If I were a film student, I think I would strongly consider doing a dissertation on the cinema of oppression. It’s interesting, I think, how people react to films about the oppression of others. I think often we are more upset about the stories we don’t know and aren’t familiar with than with the ones that are more culturally our own. It’s probably from surprise. I’m not yet inured to the Holocaust despite having seen more than my share of films about it. The enormity of the event prevents me from ever really having a “been there, done that” attitude. And yet I find myself often more moved by stories of social evils and people buried under the weight of their wicked governments that I was not familiar with before watching. Why is this? I think it has something to do with familiarity. I know where a Holocaust film is going. I didn’t know enough about what happened in Taiwan post-World War II to really know much about Bei Qing Cheng Shi (A City of Sadness).
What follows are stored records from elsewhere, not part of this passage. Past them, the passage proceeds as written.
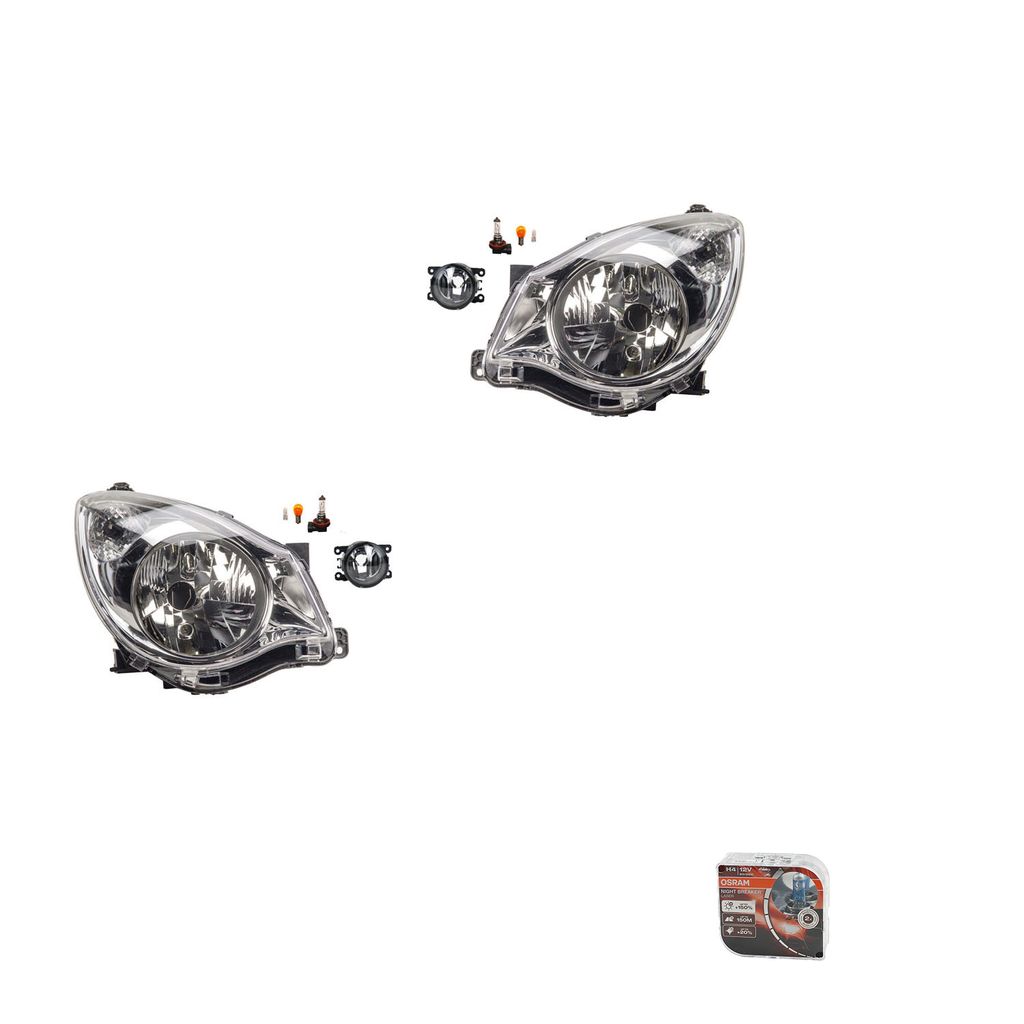 Johns, Scheinwerfer Satz + Osram Night Breaker Laser passend für Opel Agila B 09/07- H4 8200074008 6202E1 00006202E1 6710027 0000620639 620639 000...
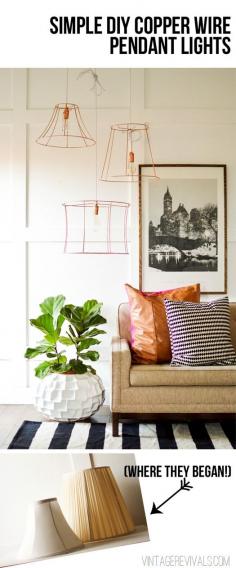 Fiddle Leaf Fig   upcycled copper wire lampshades vintage revivals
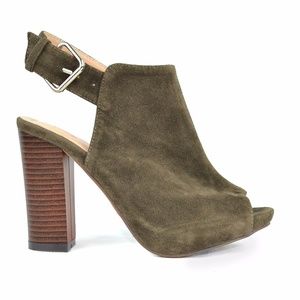 Women's Peep Toe Sling Back Olive Heeled Sandal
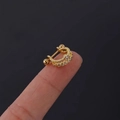 Gold plated stacked ear cuff earring with cubic zirconia crystals and ball back closure - Layered Half-Ring Style (315-3#G)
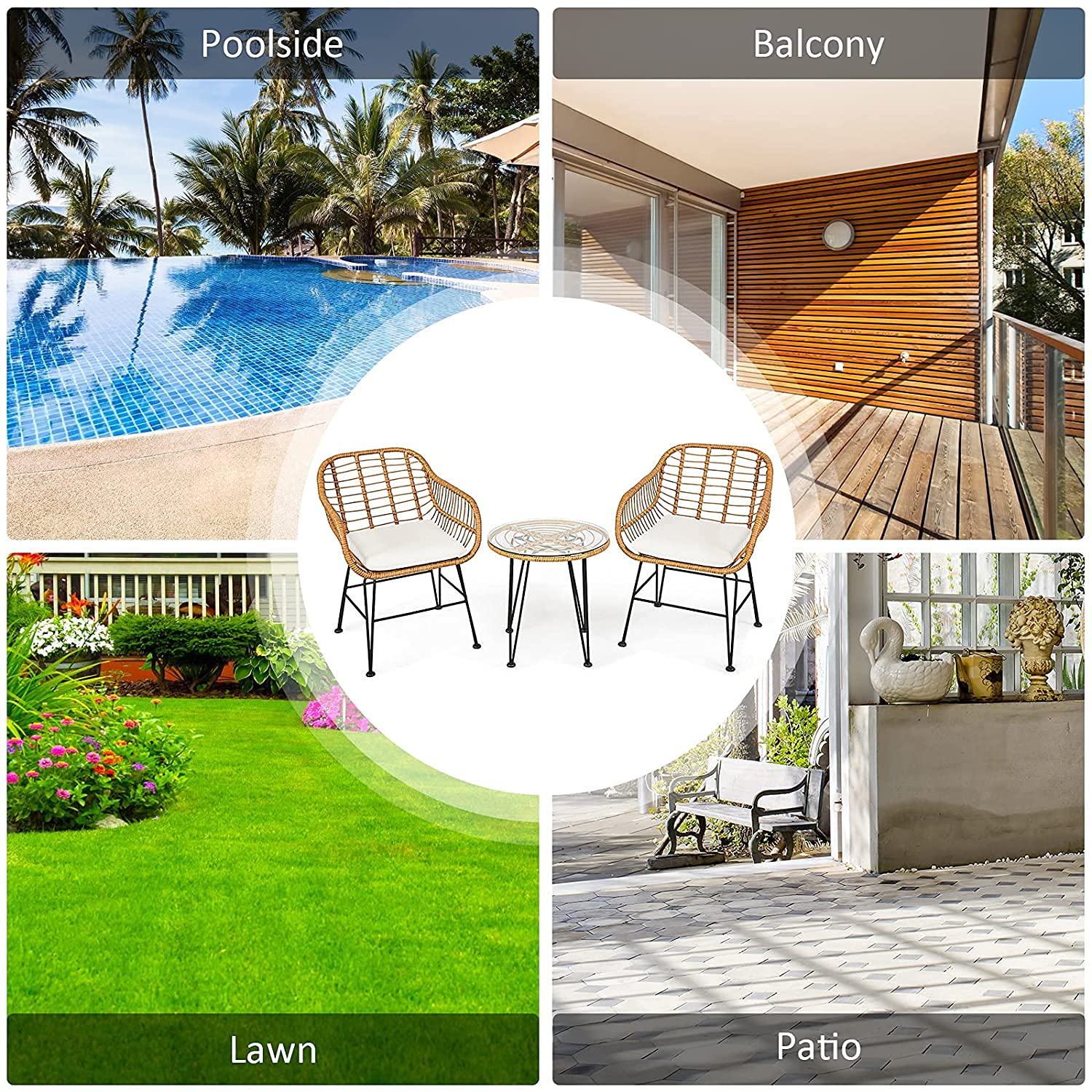 Topment 2-Piece Bistro Set with Rattan Chairs & Tempered Glass Table - Outdoor Patio Furniture with Removable Washable Beige Cushions - Perfect for Cafe, Balcony, Poolside, Garden, and Indoor Use (Pale Brown)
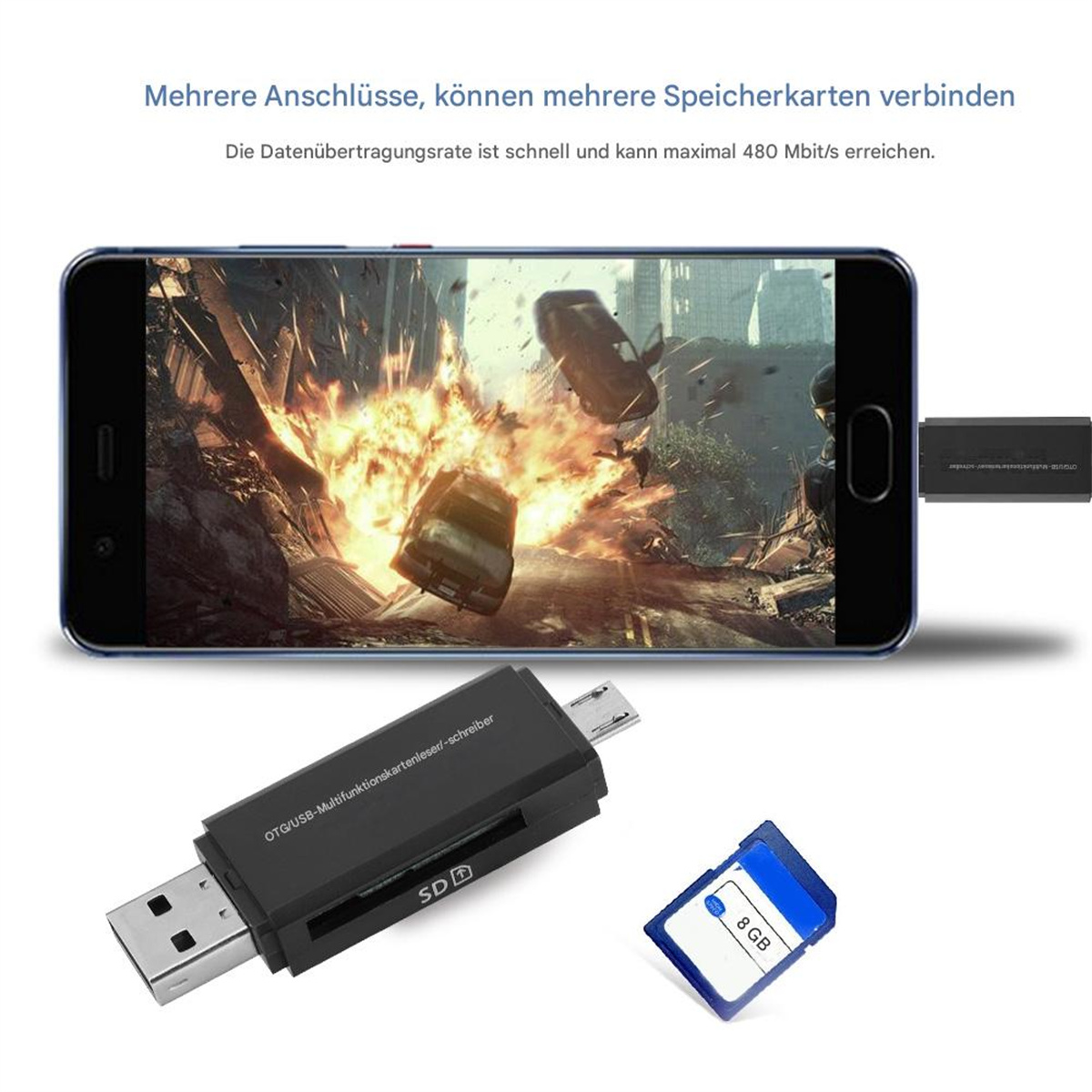 Ein Telefon, das mit einem USB-Adapter verbunden ist und ein Video zeigt. Eine SD-Karte liegt neben dem Adapter.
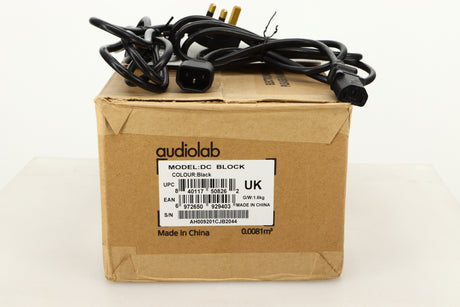 Box of a used Audiolab DC Block Mains Filter in Black finish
I knew nothing of what happened in Taiwan after it was given back to Mainland China after the war. As such, I had no idea what to expect or what kind of human injustice would crop up agains the people in this story. The film tells the story of a single family living in Taiwan after its return to Chinese rule following the war. Immediately there is corruption and trouble. While the people appear to be happy to be free of Japanese rule, the begin to see that not everything is as good as it once was. Food becomes scarce, and the systematic oppression of the people, particularly those sent to Taiwan by Chang Kai-shek becomes the norm.